The story appears to have been broken by the Dallas-area Star Telegram:
DALLAS -- Security details at Barack Obama's rally Wednesday stopped screening people for weapons at the front gates more than an hour before the Democratic presidential candidate took the stage at Reunion Arena.
The order to put down the metal detectors and stop checking purses and laptop bags came as a surprise to several Dallas police officers who said they believed it was a lapse in security.

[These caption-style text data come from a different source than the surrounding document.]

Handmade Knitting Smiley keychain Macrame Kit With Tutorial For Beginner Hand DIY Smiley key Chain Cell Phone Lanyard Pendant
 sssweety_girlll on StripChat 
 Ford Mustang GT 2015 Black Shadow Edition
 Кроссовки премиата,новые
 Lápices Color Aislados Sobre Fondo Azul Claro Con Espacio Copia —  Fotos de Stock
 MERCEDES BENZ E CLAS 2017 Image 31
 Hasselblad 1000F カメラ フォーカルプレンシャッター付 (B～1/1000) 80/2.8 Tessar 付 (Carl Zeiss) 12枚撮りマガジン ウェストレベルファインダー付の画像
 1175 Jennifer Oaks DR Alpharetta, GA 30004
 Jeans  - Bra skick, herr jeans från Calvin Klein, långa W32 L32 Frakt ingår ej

Dallas Deputy Police Chief T.W. Lawrence, head of the Police Department's homeland security and special operations divisions, said the order -- apparently made by the U.S. Secret Service -- was meant to speed up the long lines outside and fill the arena's vacant seats before Obama came on.
full story
Teresa Nielsen-Hayden of Making Light has done you and me the favor of reading through some of the 50+ pages of comments on that article, many of which seem to imply that this is not an isolated incident, but rather the M.O. of the Secret Service this past year. Repeated comparisons are drawn to high schools, sporting events, and other places in which screening twenty thousand people in two hours is a normal thing. "Dude, this is the town that shot JFK" is also an unescapable observation.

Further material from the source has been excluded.